Lining one wall are huge glass-covered bookcases filled with Tibetan texts. The only other piece of furniture is an enormous shrine that runs the length of the end wall. It has dozens of photographs, precious artefacts (some hundreds of years old) and, in a small model stupa in a glass case, some of her husband’s ashes. She has lived and meditated in this room in front of the shrine, since he died in 1959.
Jiga introduces us and translates the pleasantries. Mal is Rinpoche’s student and they have finished shooting his new film in Bhutan, he tells her. She is interested in everything. Jiga, Wesel Wangmo, Karma Loday, Mal and I sit at her feet while Kathryn crawls up to the shrine across the clean-swept wooden floor.
‘She’s polishing it for you,’ Mal says. Jiga translates and Khandro smiles.
She receives countless numbers of visitors from all over the world who come, like us, just to be in her presence. She treats everyone with such grace, as if each one is special to her.
After inspecting the shrine, Kathryn crawls over to Khandro and sits contentedly near her feet. Khandro gives her blessing, patting her on the head.
We stay for half an hour then are led by an elderly monk, who looks after Khandro, into another room for tea, served in dainty china cups, and sweet biscuits. It is another simply furnished room, with low benches covered in Tibetan rugs. This is where the monk lives.
After our visit we feel buoyant. Leaving the chapel grounds, the sun is shining over the valley, and young monks are washing their clothes in a quadrangle.
We spend a lazy afternoon and evening in Gangtok then head off early the next morning to fly to Delhi. Karma Loday drops us off at Bagdogra Airport before he and Wesel Wangmo start the long drive back to Bhutan. She holds Kathryn close to her for one final hug. Clearly it is a wrench to say goodbye.
Bagdogra is a military airport with fierce security and lots of loud, bad-tempered Indians. Standing in the queue at check-in a middle-aged Indian man in a grey suit rams his trolley into the back of my legs to get in front of me. I have Kathryn in my arms and we both nearly tumble over as my knees start to buckle.
‘Careful . . . my baby,’ I mumble, stunned at his rudeness.
He won’t meet my eye, just manoeuvres his trolley around me, going for the gap.
It’s a shock to be back in India.
There is no space in Mal’s small room in Delhi to set up Kathryn’s cot so she sleeps on a blanket in the suitcase by the bed. She’s become used to sudden changes in her surroundings and is oblivious to the constantly ringing phones and the comings and goings of the Siddhartha’s Intent household.
Before returning to Australia, Mal needs to check on the buildings in Bir so after a few days, we catch the overnight train to Pathankot. It has to be one of the most enjoyable ways to spend a night, gently rocked to sleep by the train’s motion.

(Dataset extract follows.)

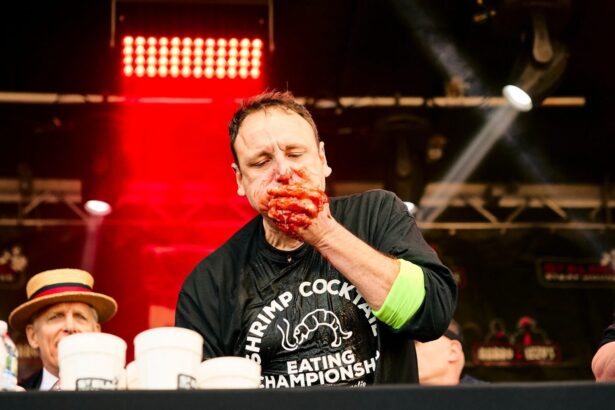 legenda hotdogilor a mai batut un record joey chestnut a mancat 95 de kilograme de creveti in 8 minute video 675affa8b6e57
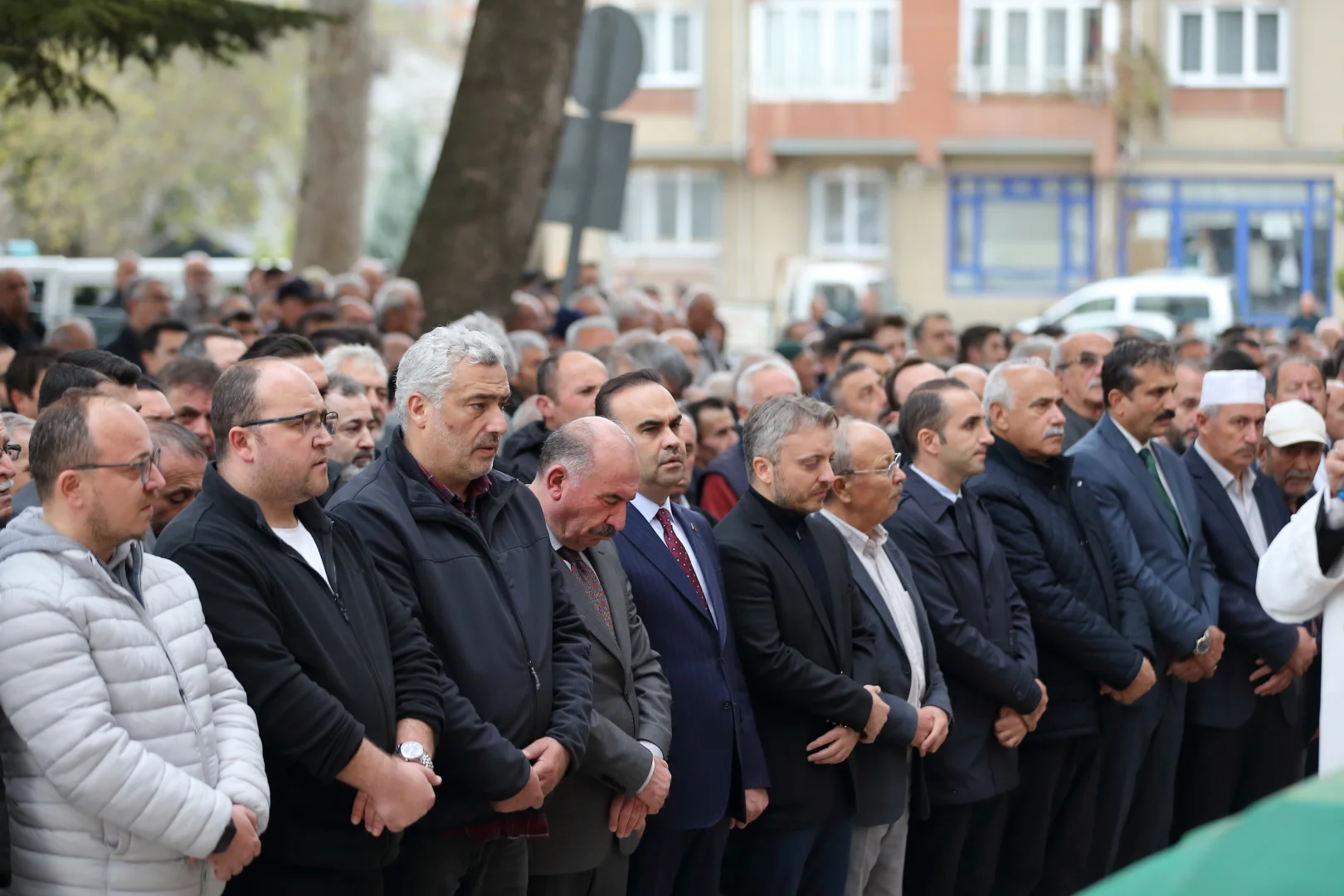 Sanayi ve Teknoloji Bakan Yardımcısı Çoştu'nun annesinin cenazesi defnedildi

We arrive at 6 am and Ugyen Thrinley, one of Rinpoche’s monks from Bir, is there to meet us at the station. He is delighted to see Kathryn again and immediately takes her from my arms. It is too early for any shops to be open so we drive for a few hours to a small cafe by the roadside that serves wonderful pickled mushroom omelettes.
It is a popular spot, below a nunnery and overlooking a waterfall that flows over huge boulders. Everywhere are wild monkeys. Many boulders on the Indian roads are painted with advertisements, usually for school supplies and IT courses. Here we see a rock, halfway up, with the word ‘Bunty’, painted in red lettering.
My real name is Carolyn, and ‘Bunty’ is an affectionate nickname given me by my English father that the whole family came to use. When the children at school teased me about it, and I wanted to revert to Carolyn, he assured me it was common in England. I lived in London for three years and found no such thing. Perhaps it was common fifty years ago but the English people I met thought it must be a peculiar Australianism. Strangely enough, here in India it turns out to be quite common. There is even a chain of stationery shops called Bunty’s Supplies.
While we eat our pickled mushroom omelettes and watch monkeys climb all over the Bunty rock, two busloads of Indians arrive. There are about sixty women, men and children and they swarm into the cafe. One woman spots Kathryn and rushes over, followed by another, and another. They remark on her hair. They have never seen anything like it and ask if they can touch it.
They are very friendly and explain that they are from one large extended family and have rented two buses for a fortnight’s holiday.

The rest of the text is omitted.